We often wonder why we are here. We ask ourselves questions of the meaning of life and whether our struggles are worth it. Many worry about their finances, relationships, friendships, and reputations. As Christians, we often ponder our salvation and our faith. But there is good news in Christ: He walks with us on our journey, and although we may not like where the journey leads, we need to stay the course. The apostle Paul proclaims that it is by persevering through trials that our faith is perfected.

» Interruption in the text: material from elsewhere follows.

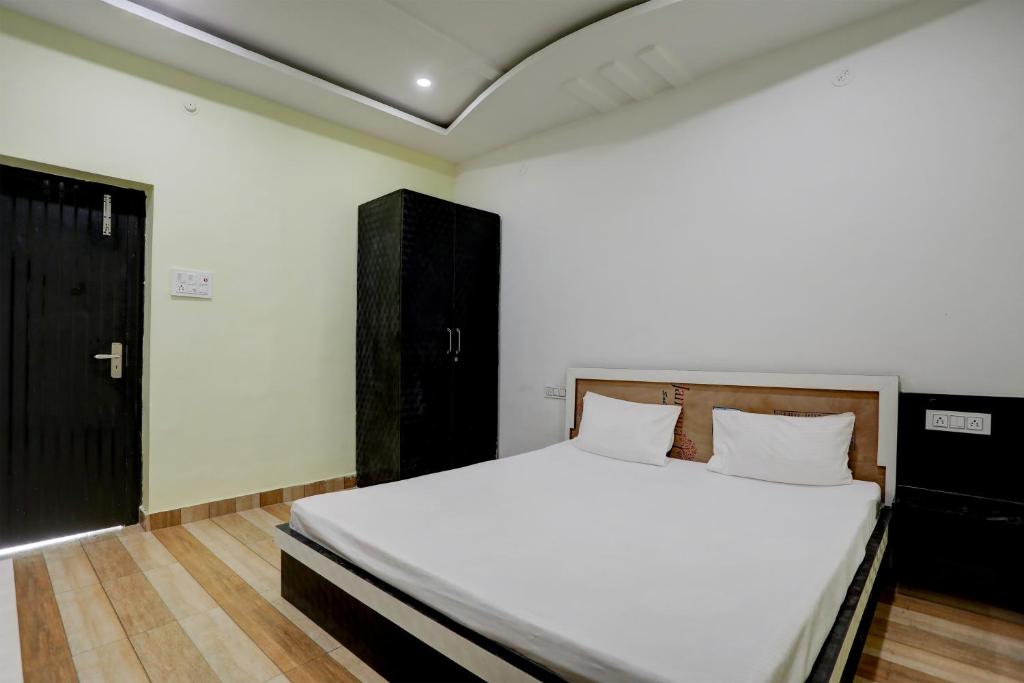 Un ou plusieurs lits dans un hébergement de l'établissement OYO The Nirvana Resorts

Recently I had lunch with Bill Flood, who has served in the ministry for more than six decades. Now in his 90s, Bill started his journey to the ministry at Eastern Baptist Theological Seminary, graduating in 1947. While in school he met his future wife, Ella Moore, who also attended Eastern. Falling for Ella at first sight, Bill eventually asked her to marry him. They began a journey together that would last for more than 60 years. Upon seeking God’s direction in life, Bill found himself entering into the U.S. Air Force Chaplain Corps in 1953. Military chaplains have a very rewarding, but at the same time very difficult, job. Bill was not a typical chaplain, and he believed in being with the people he was leading. He would often leave his office and travel to different units, not preaching, but just talking to the young airmen. They were grateful for his company. A career military officer, Bill and his family moved around the world, living in such places as France, Iceland, and different parts of the United States. Together Bill and Ella worked as a team—it was said that if Bill was the kite, Ella was the tail. While Bill served in the ministry and in chaplaincy, Ella served as a choir director and vocalist. They raised three children during these years.

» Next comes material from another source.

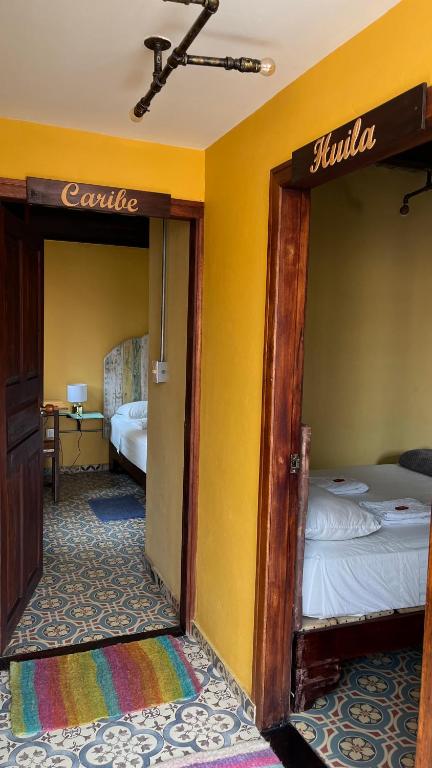 Postel nebo postele na pokoji v ubytování Hostal Casa Astromelia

Bill loved the Air Force and the people he served with, but there were many hardships that he had to endure. Moving around the world and constantly being pulled away from his family, Bill stayed the course and was dedicated to God, his family, and the service of others before himself. Through the challenges of serving as a counselor, spiritual leader, and military officer, Bill impacted thousands of lives. It was not for his glory, but rather for the glory of Christ.
Bill retired with the rank of colonel in 1981, after a career spanning nearly 30 years in service to both God and country. After leaving the service Bill and Ella moved to St. Davids. Both continued to seek God’s direction in life through much prayer. Ella would return to Eastern, working in the mailroom where the students loved her. Bill served as an interim pastor at the Baptist Church in the Great Valley, which is down the road from Eastern’s campus.
Bill and Ella’s story reminds us to keep the whole picture in perspective as we face challenges and roadblocks in life. We read in the New Testament not to be “anxious about anything, but in every situation, by prayer and petition, with thanksgiving, present your requests to God” (Philippians 4:6, NIV). Matthew adds, “Therefore do not worry about tomorrow, for tomorrow will worry about itself. Each day has enough trouble of its own” (Matthew 6:34, NIV). For more than six decades Bill preached God’s word—taking one day at a time. He says he would do it all over again, for he had a wonderful time.
Surrender your fears, anxiety, and worries to Christ. He will walk beside you and see you through the trials. Cling to the cross, and He will preserve you. He will sustain you in the midst of difficult times. Give Him your life, and you will be in for one thrilling adventure — Colonel Bill Flood’s life testifies to this.